* [ABOUT THIS EXERCISE]:
Could you retype the records below exactly as they appear, skipping any pictures?

* [DATA UNDER STUDY]:
******************************

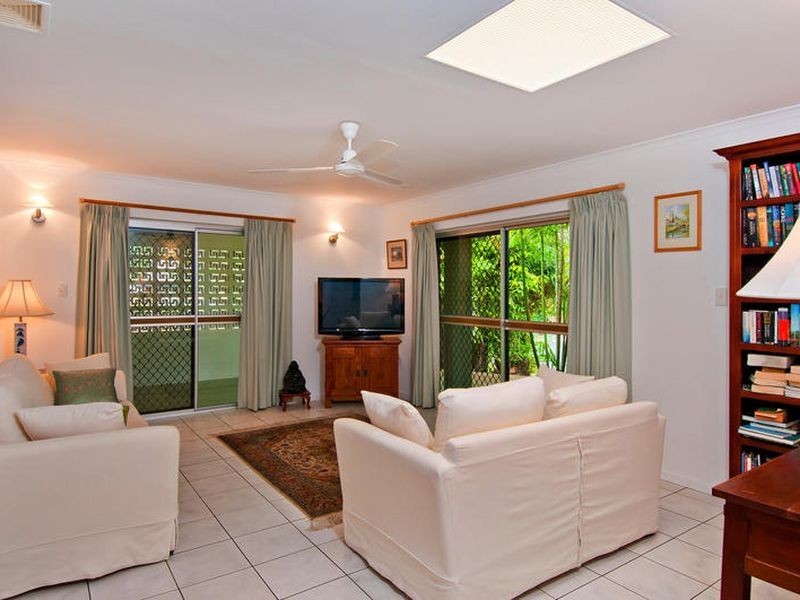 6 Furrow Close, Smithfield QLD 4878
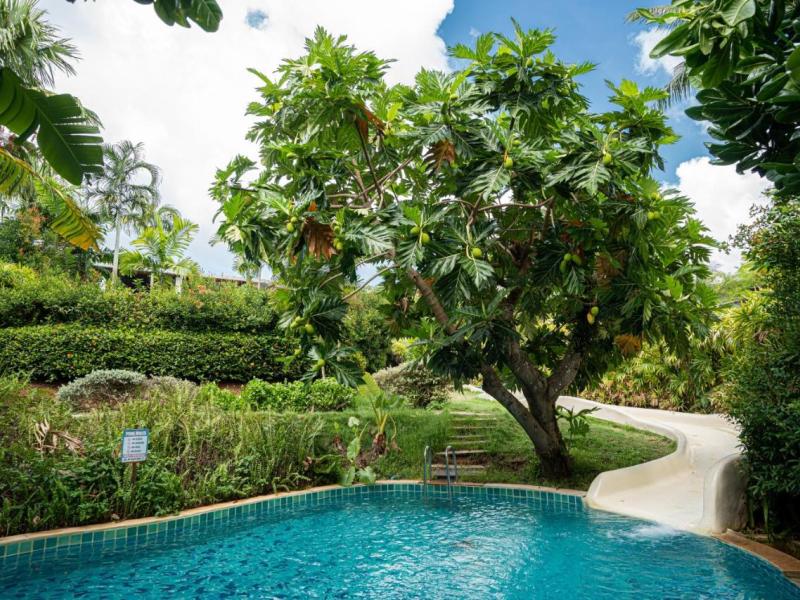 Barcelo Coconut Island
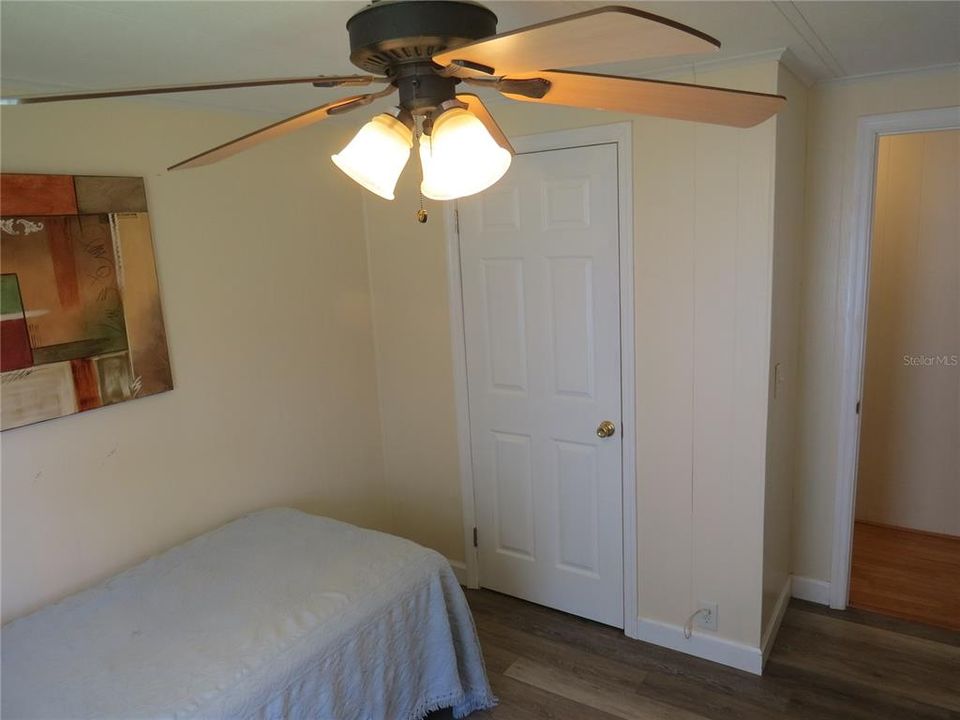 待售: $125,000 (2 贝兹, 2 浴室, 960 平方英尺)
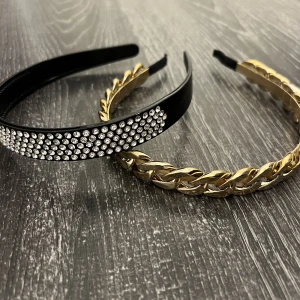 Diadem  - Två diadem i fint skick. 15kr styck eller båda för 25kr. Köparen står för frakten🥰
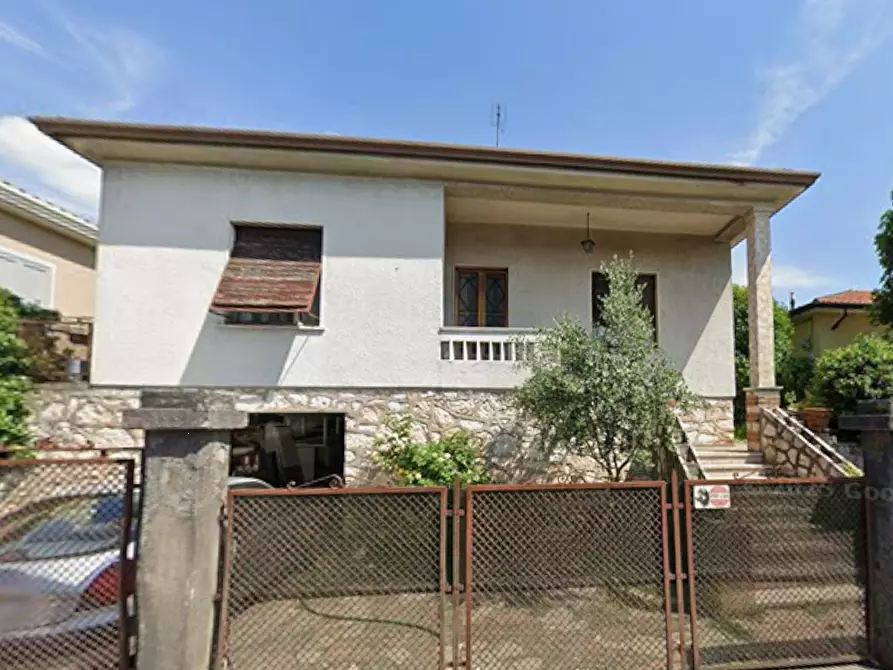 Immagine 3 di Casa indipendente in vendita  in Via G. Marconi  a Cavaion Veronese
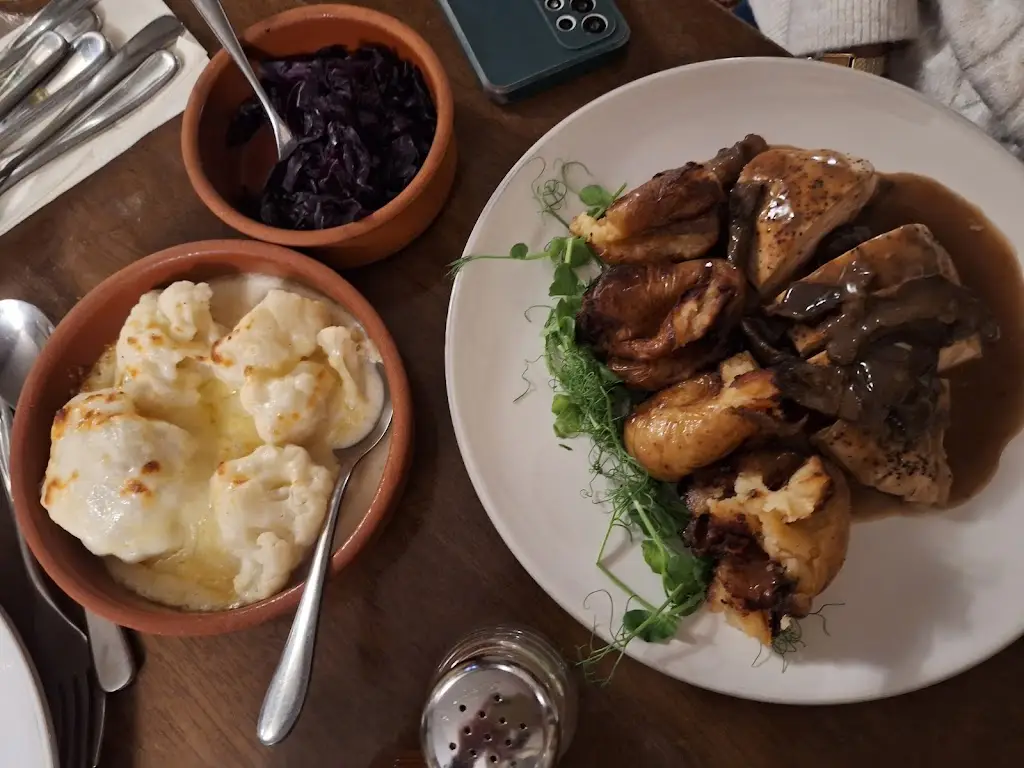 Pembroke House_Tenbury Wells_slider_image_2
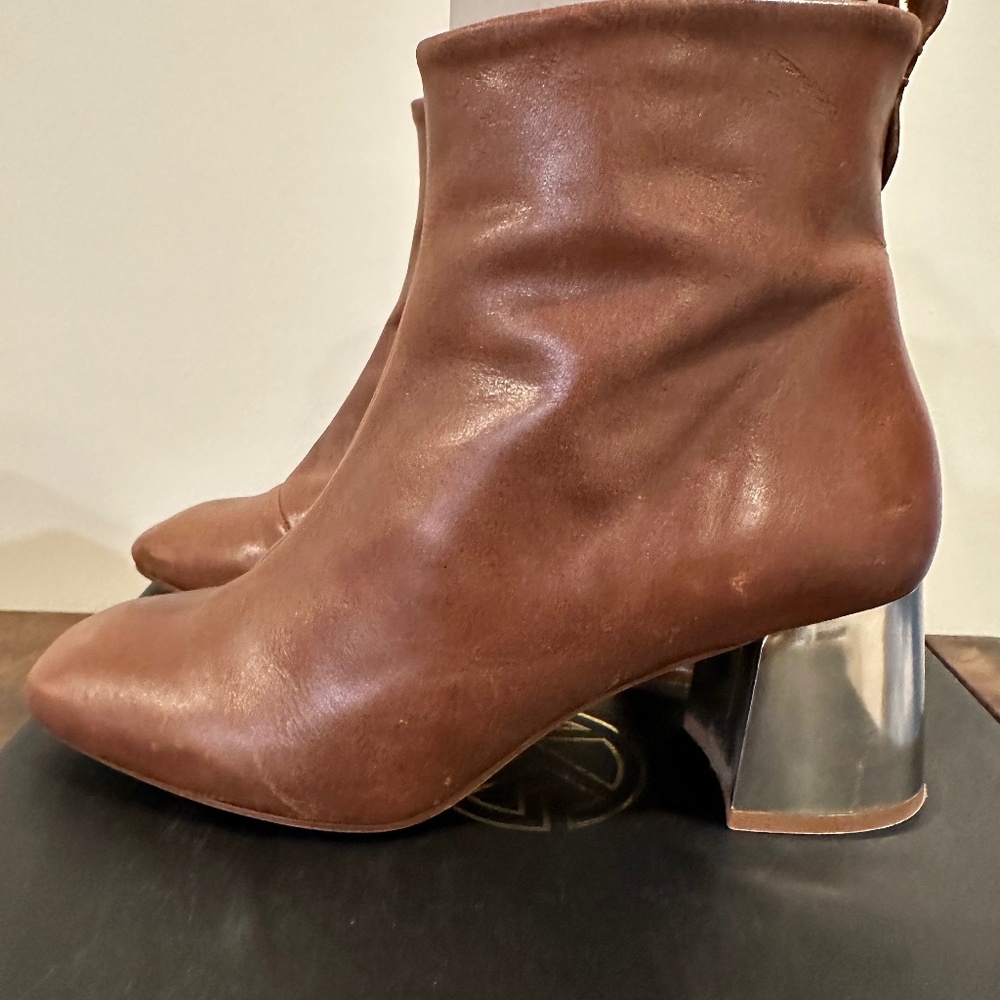 KG KURT GEIGER Snoopy metal block heel tan leather boots - Size 39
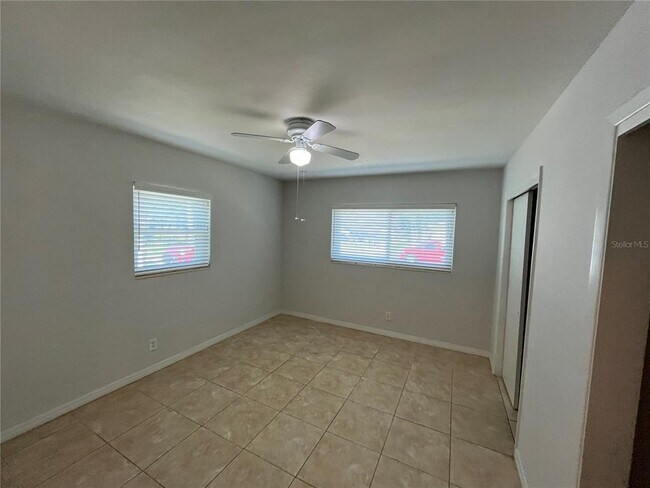 Building Photo - 422 Crosswinds Dr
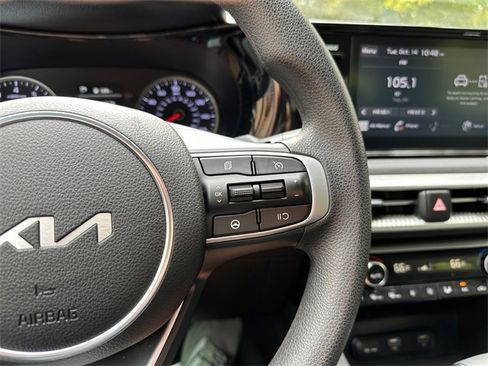 Used 2023 Kia K5 LXS image 22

******************************

* [OUTPUT BELOW]:
 6 Furrow Close, Smithfield QLD 4878
 Barcelo Coconut Island
 待售: $125,000 (2 贝兹, 2 浴室, 960 平方英尺)
 Diadem  - Två diadem i fint skick. 15kr styck eller båda för 25kr. Köparen står för frakten🥰
 Immagine 3 di Casa indipendente in vendita  in Via G. Marconi  a Cavaion Veronese
 Pembroke House_Tenbury Wells_slider_image_2
 KG KURT GEIGER Snoopy metal block heel tan leather boots - Size 39
 Building Photo - 422 Crosswinds Dr
 Used 2023 Kia K5 LXS image 22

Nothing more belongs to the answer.